薔薇の棘
風連寺ゆあ
薔薇の棘①
午後の陽が傾き、黄金色の光が庭園を染める頃、私は久方ぶりにあの館を訪れた。石造りの門は変わらず蔦に覆われ、その重厚な扉には時間の重みが刻まれている。指先でそっと触れると、冷たく、まるで何かの意志を秘めたように感じられた。
私は深く息を吸い、扉を押し開けた。軋む音が沈黙の中に沈んでゆく。館の中は相変わらず静寂に包まれ、光の差し込まぬ廊下は、まるで時間が止まっているかのようだった。

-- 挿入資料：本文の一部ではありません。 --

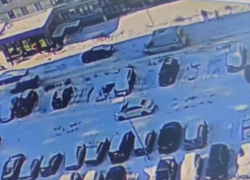  «Скорая» попала в ловушку в воронежском ЖК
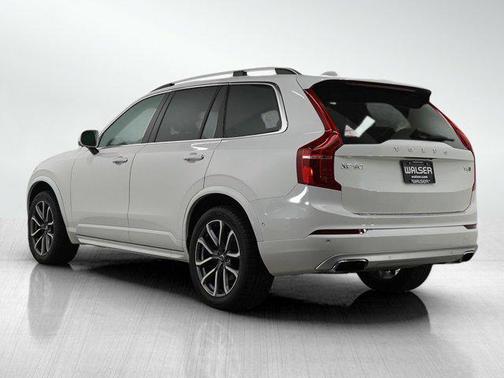 2017 Volvo XC90 T6 Momentum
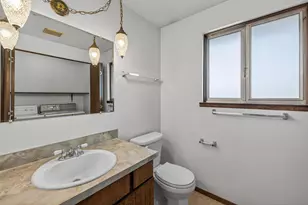 951 SE Rancho Ln, Madras, OR 97741 - Photo 11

長い廊下を歩くたび、黒い絨毯が靴音を吸い込む。かつてここで過ごした日々が脳裏に蘇る。あの頃、館はもっと明るく、風が通り抜けるたびにカーテンが揺れ、薔薇の香りが微かに漂っていた。
だが、今はもう誰もいない。
私は奥の部屋の扉を開いた。
そこには、一輪の薔薇が置かれていた。
深紅の薔薇は、まるで血を滴らせるかのように鮮やかだった。その隣には、一通の手紙が添えられている。
「おかえりなさい」
かすれた筆跡は、私の知るものだった。
私は手紙を開いた。
この館が朽ちる日が来ても、私はここにいるでしょう。あなたが戻る日を待ちながら。
私はそっと薔薇を手に取った。指先に、鋭い棘が触れる。微かな痛みが走り、指先から一滴の血が零れた。
私は、何を求めてここへ戻ってきたのだろう?
かつての日々を取り戻すことはできない。だが、この館がまだ私を迎え入れてくれるというのなら、私はここで生きていくしかないのだろう。
私は薔薇を胸に抱き、静かに目を閉じた。